I have written about this piece while it was in progress in two prior posts, and it was finally finished in time to be shown at my guild’s exhibit, EBHQ’s Voices in Cloth, 2018.

During the process of making this quilt, I tried numerous times to include color of any kind, and did not succeed.  Frankly, the result is super-pleasing, to me at least.  Seems not to have impressed many others.  But then we do what we do because we are following our own compass, not to please others.

Black and White All Over, 2017


Black and White All Over, detail

I started this in Ashland, Oregon, while on vacation at a great house, attending many plays at the Oregon Shakespeare Festival.  I wanted a portable project, requiring limited baggage, so I took only my Featherweight and black and white fabrics, just to get a new quilt started.

I made my own foundations on freezer paper using an unthreaded needle on my machine.  I do not include a seam allowance on my foundations.  I learned to love foundation-piecing a billion years ago in a class taught by Jane Hall and Dixie Haywood at Houston.  I’m so grateful to them for sharing their expertise.

Freezer paper foundations

Progress started out slow, until I got into a good rhythm.

Day One

And then it got easy.

Day five


I even found a beautiful bowl for the fabric trimmings, which became its own fabric sculpture after a while.


And here is what most people commented on about this quilt, since this fabric was used often:


Still love it.


7 10 2016

I have finished 133 of these puppies, and I think that may be enough. They look kinda cool on the floor, so I am really jazzed about how they might look on my design wall.


And here is the fun one:










I will have to make a pile of half-triangles for the sides of the quilt and a few more blocks to see how I can get color into this piece.

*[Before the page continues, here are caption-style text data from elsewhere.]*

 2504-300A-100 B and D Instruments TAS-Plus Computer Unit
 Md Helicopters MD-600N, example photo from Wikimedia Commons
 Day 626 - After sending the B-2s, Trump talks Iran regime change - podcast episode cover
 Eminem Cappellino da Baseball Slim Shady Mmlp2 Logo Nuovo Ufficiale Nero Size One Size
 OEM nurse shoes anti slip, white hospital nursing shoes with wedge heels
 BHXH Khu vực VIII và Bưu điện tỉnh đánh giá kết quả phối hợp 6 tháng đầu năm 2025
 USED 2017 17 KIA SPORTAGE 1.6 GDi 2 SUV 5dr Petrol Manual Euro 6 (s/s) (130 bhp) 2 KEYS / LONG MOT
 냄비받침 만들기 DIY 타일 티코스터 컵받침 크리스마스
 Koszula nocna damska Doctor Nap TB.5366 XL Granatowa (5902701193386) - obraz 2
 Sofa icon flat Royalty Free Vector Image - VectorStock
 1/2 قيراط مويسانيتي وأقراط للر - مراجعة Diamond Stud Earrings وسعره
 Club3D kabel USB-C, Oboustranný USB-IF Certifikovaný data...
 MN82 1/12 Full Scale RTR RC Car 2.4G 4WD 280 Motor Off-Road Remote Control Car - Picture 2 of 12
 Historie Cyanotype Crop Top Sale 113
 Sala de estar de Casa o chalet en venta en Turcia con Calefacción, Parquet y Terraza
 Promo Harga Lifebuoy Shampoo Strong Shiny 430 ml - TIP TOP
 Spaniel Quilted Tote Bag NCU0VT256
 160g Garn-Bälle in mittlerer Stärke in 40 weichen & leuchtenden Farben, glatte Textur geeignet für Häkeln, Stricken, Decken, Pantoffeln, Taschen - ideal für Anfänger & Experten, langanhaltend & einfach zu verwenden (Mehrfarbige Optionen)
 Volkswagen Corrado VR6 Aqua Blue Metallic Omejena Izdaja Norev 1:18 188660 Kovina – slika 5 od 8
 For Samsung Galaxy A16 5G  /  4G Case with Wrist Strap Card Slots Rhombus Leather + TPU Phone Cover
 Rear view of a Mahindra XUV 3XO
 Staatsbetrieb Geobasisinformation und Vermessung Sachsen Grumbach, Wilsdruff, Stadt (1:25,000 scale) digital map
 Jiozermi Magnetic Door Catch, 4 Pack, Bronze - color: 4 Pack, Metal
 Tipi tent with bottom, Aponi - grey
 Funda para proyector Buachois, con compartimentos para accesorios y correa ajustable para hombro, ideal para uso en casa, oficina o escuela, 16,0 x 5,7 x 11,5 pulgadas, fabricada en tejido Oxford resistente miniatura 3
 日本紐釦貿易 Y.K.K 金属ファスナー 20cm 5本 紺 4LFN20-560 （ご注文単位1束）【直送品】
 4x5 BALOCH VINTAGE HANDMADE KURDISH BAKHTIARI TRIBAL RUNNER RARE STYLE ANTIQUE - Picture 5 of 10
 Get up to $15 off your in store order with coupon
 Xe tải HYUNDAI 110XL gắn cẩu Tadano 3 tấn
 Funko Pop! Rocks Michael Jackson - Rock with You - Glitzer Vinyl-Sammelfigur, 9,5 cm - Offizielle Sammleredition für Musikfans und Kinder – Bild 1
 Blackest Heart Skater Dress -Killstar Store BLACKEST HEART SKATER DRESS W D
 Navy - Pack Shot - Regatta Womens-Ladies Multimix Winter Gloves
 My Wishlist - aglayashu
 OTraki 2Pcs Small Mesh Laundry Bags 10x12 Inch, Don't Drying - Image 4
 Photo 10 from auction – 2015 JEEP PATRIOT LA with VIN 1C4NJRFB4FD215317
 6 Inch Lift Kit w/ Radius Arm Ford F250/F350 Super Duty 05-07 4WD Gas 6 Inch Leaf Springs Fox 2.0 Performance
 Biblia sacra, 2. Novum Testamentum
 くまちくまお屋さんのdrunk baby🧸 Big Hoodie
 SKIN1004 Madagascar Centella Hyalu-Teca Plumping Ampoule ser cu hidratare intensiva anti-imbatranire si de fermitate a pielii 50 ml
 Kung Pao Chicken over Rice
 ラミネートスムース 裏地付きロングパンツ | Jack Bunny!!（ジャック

Here is a sample, just because I happened to have this black-with-red fabric nearby. Don’t know if this will be enough color to compete with all this black and white.




And, now that I have finished all of these blocks, I am amazed to realize that I never once considered using the same fabric for all three sides of each of these triangles.  Oh, well . . .

Would have looked like this:



Maybe that is how the color can be used.  Hmmmmmm . . . .

And here’s another one of the CQP kits, just for fun:



A new project-finally

23 09 2016

Having finished a lot of previous projects, I am finally starting a new one, one I have been thinking about for a while.

I cut a ton of 2″ strips from black and white fabrics I had collected, probable cutting way too much, nothing new for me.  And next I  cut another ton of center triangles.  Loving the triangle shape these days.

Then I made about 140 of these triangle patterns using freezer paper.  These are the foundations on which the strips are sewn.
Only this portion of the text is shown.